Par 3 Contest 2026 Recap: Aces, a Repeat Ace from Bradley, and a Quiet Wednesday at Augusta

Par 3 Contest 2026 Recap: Aces, a Repeat Ace from Bradley, and a Quiet Wednesday at Augusta
Photo: Photo by Courtney Cook on Unsplash

The Par 3 Contest is the one afternoon at Augusta National where the scoreboard does not really matter, which of course is why it matters so much. Wednesday at the 2026 Masters gave the patrons a relaxed, sun-dappled curtain-raiser before the tournament proper began on Thursday morning, and the field duly obliged with a handful of aces, a procession of small children in the white jumpsuits, and the usual long queues of players waiting their turn on the par-3 course designed around Ike’s Pond.

The aces

Justin Thomas set the tone early by making the first hole-in-one of the afternoon, a nine-iron that pitched once and vanished. The patrons around the tee did the thing they always do, which is behave like they are watching a magic trick for the first time, and Thomas did the thing the players always do, which is shake a few hands and then pretend none of it matters because of the superstition hanging over the contest.

Wyndham Clark added another ace later in the afternoon, a crisp wedge that skipped and stopped cleanly. But the moment everyone is still talking about belongs to Keegan Bradley, who holed out for the second year in a row and became the first player in Par 3 Contest history to record aces in back-to-back editions. Bradley’s face told the story. He knew, because everybody in golf knows, that no player has ever won the Par 3 Contest and gone on to win the Masters in the same week. That is a statistic he does not need to worry about, because he did not lift the trophy on Wednesday afternoon, but the two consecutive aces are the sort of thing that will follow him around until he stops playing.

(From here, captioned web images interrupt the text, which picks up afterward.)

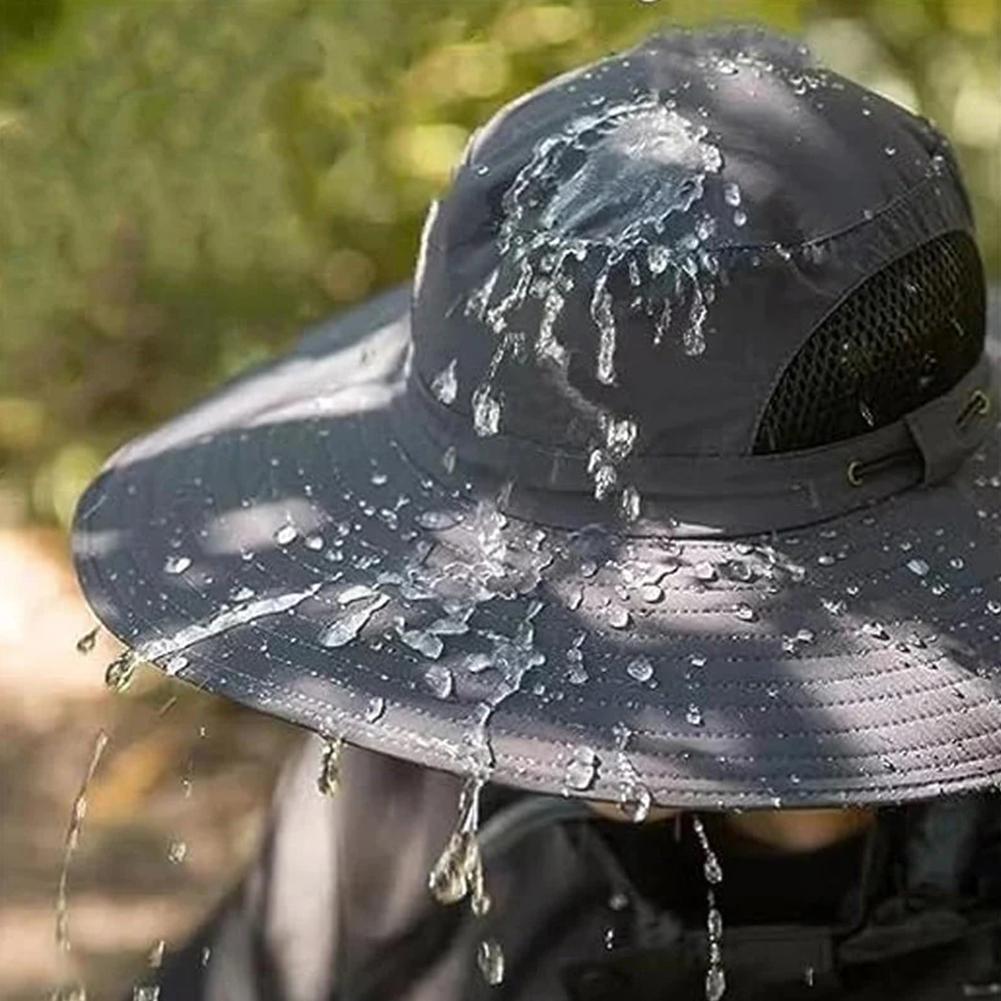 Summer Wide Brim Sun Hat Breathable Mesh Sides Outdoor Camping Travel Fishing Hat With Adjustable Neckband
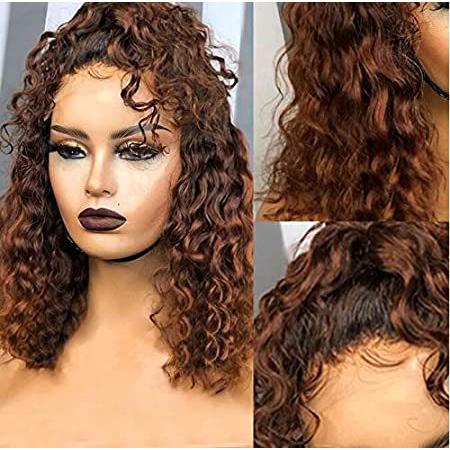 Ombre Color Short Water Wave Bob Wig13x6 Curly HD Lace Front Human Hair Wig＿並行輸入品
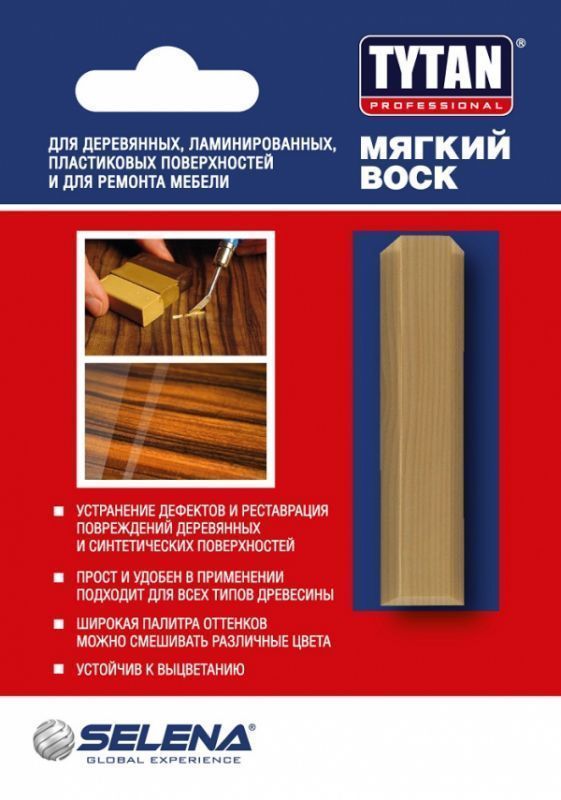 TYTAN PROFESSIONAL мягкий воск для реставрации дерева и мебели, 42 бук (7,5гр)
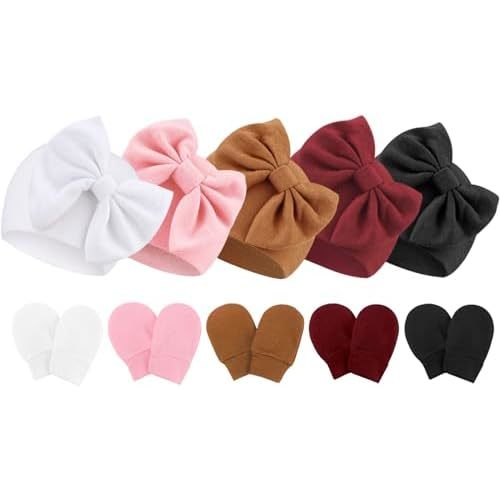 Newborn Baby Hats and Mittens Set Infant Bow Beanie Cap Toddler Gloves Newborn Hospital Hats for Baby Boy Girl 0-12 Months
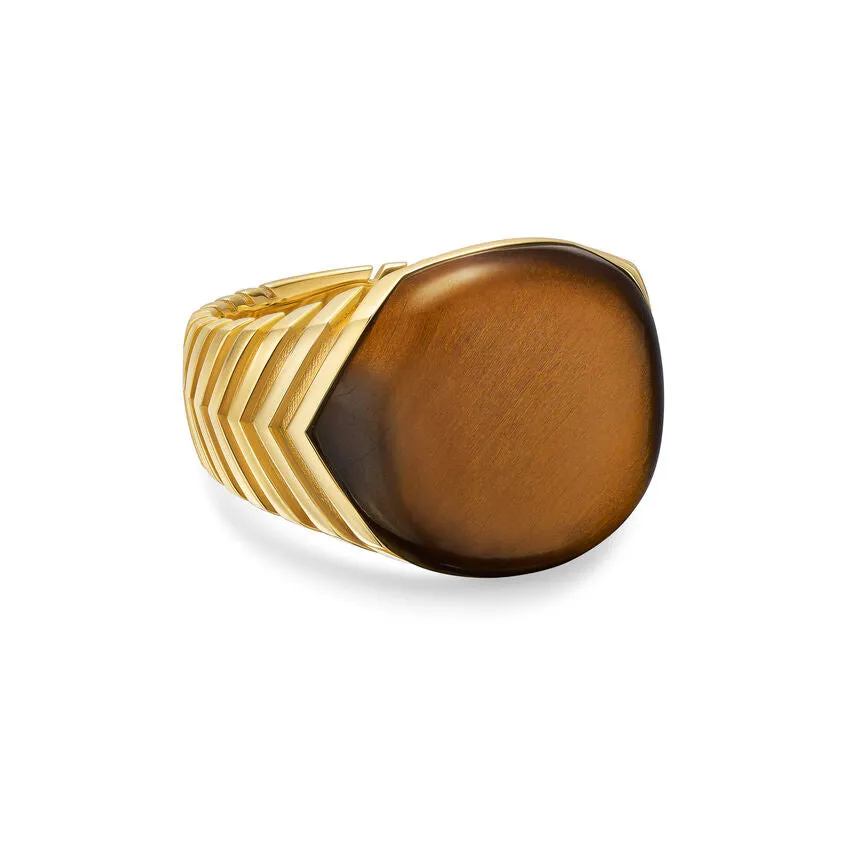 Chevron Signet Ring in 18K Yellow Gold with Tiger's Eye, 18mm, Size 9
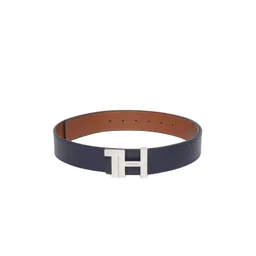 Tommy Hilfiger Men Navy Blue & Tan Brown Textured Leather Belt-picture-11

The curse that keeps on giving

Ben Crenshaw popularised the line that the Par 3 Contest is “the one trophy you do not want to win this week”, and it has hardened into one of those Augusta traditions that every player now approaches with a mixture of smirk and suspicion. A few of the early contenders on Wednesday made very deliberate efforts to bogey the closing holes, which is faintly ridiculous and completely in keeping with the spirit of the thing. You could see Tommy Fleetwood debating whether to tap in or casually lip out. Collin Morikawa was spotted handing his putter to his daughter on a holeable putt, which is the cleanest possible way of avoiding both the trophy and the curse.

The result of all this is that the actual winner of the contest tends to be someone already resigned to a quiet Masters week, or an amateur, or a past champion playing for fun. The official scoreboard gets less attention than the holes-in-one, and nobody minds.

The families

What will stay with the patrons watching in person, as always, is not really the golf. It is the children in the white caddie jumpsuits, the wives and partners taking their turn on the tee, the past champions walking the course one more time, and the moment at every green where someone’s kid reads a putt with the seriousness of a touring professional and then rolls it in from eight feet. The Par 3 Contest is at its best when it stops pretending to be a competition and simply becomes a family day at a golf course that, for every other hour of every other week of the year, does not really do family days.

Rory McIlroy played with his daughter Poppy in tow, the two of them laughing at a cleanly struck wedge that somehow ended up in the pond. Scottie Scheffler played early and left early, in that understated way he has, and his wife Meredith kept the children in front of the ropes on the walk back to the clubhouse. Justin Rose, who was so close to the green jacket a year ago, looked entirely at peace with where he is in his career.

What it tells us about Thursday

Nothing, which is the honest answer. The Par 3 Contest is almost useless as a predictor of how the Masters itself will play out. The best thing it does is give the players a low-stakes afternoon before the tee boxes on the real course get moved back, the hole locations start getting tucked, and the patrons stop clapping for lay-ups.

What it gave us this year was a small, warm reminder that the grounds at Augusta in April are still the best place in golf, a confirmation that Keegan Bradley is playing with a freedom he did not have a couple of years ago, and a harmless superstition that a handful of players will spend Thursday morning actively not thinking about. The tournament begins at first light with Jack Nicklaus, Gary Player and Tom Watson hitting the ceremonial tee shots, and from that moment on nothing that happened on Wednesday will matter. But it was a nice afternoon while it lasted.